Warren Buffett is an outspoken advocate of renewable energy development, and his Berkshire Hathaway Inc. holding company has invested billions in wind farms and solar power projects. But in Nevada, a Berkshire-owned utility is fighting a plan to boost installations of rooftop solar panels in the desert state, with its abundant sunshine.

Buffett’s mixed messaging can be explained by a simple reason: money, Bloomberg News reported Monday. The Nevada proposal would raise the limit on the amount of clean energy that solar panel owners can sell back to the grid. With a higher cap on “net metering,” as the program is called, residents could cut their reliance on power from NV Energy Inc., eating into the utility's revenue.

“It’s legal to lobby and it’s legal to push your agenda, so [Buffett] is going to push his agenda even if it looks kind of hypocritical,” Jeff Matthews, an investor and author of books about Berkshire, told Bloomberg.

Buffett's solar fight in Nevada is part of a broader policy battle between utilities and solar-power proponents playing out across the country. Advocates say utilities are using regulation and legislation to maintain their market share against rooftop solar producers. But the utilities say their only interest is keeping electricity affordable and reliable for all of their customers.

The debate is intensifying as solar adoption climbs across the U.S. Nearly 200,000 homes and businesses added rooftop or on-site solar installations in 2014, bringing the nation’s total count to more than 600,000 projects, according to the Solar Energy Industries Association and GTM Research.
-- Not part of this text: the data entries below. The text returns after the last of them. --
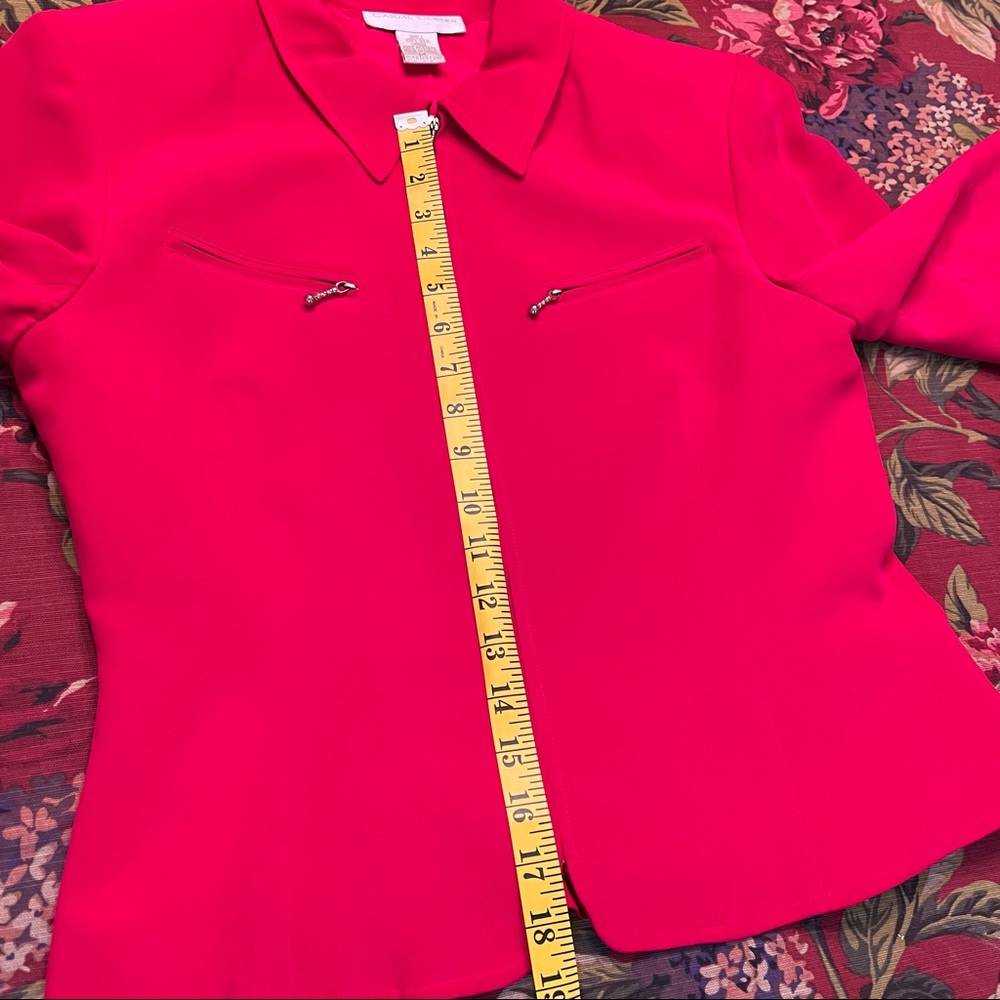 Casual Corners – 2 pc  Day to Evening - Red “Hot” 100% Silk Suit- Skirt/Jacket - Picture 10 of 15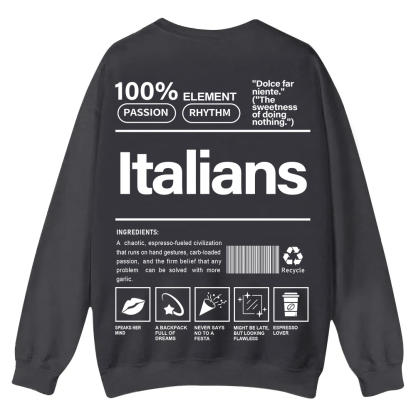 Italians Unisex Fit  Casual Crewneck Sweatshirt wearishow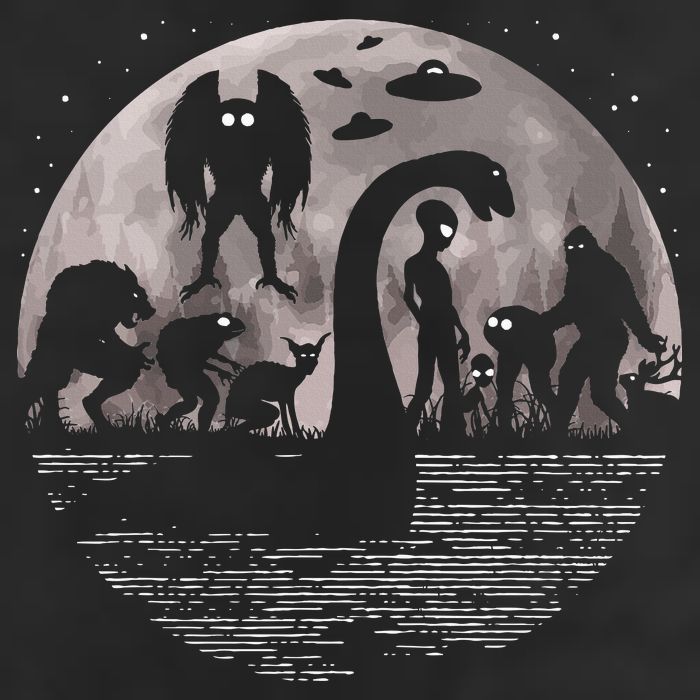 Bigfoot Loch Ness Monster Mothman And Aliens! Funny Cryptid Golf Towel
Under a net-metering program, when solar panel owners produce more energy than they use, they get a credit on their utility bill for the power they supply to the grid. Utilities say this forces them to raise their rates and pass costs on to everyone else.

NV Energy is lobbying to keep Nevada’s cap on solar net-metering at 3 percent of the utility’s peak energy load. “It’s a system created to make sure that customers without solar will not be paying for customers who have solar,” Stacy Kusters, NV Energy’s vice president of renewable energy, recently told the Reno Gazette-Journal. “It’s about protecting customers.”

Proponents of a higher net-metering cap are pushing legislation to raise it to 10 percent of peak load, which would let customers sell even more solar electricity to the utility. “Caps are generally arbitrary limits on industry growth,” Will Craven, a spokesman for the Alliance for Solar Choice, told the Reno newspaper. “They are an artificial market force.”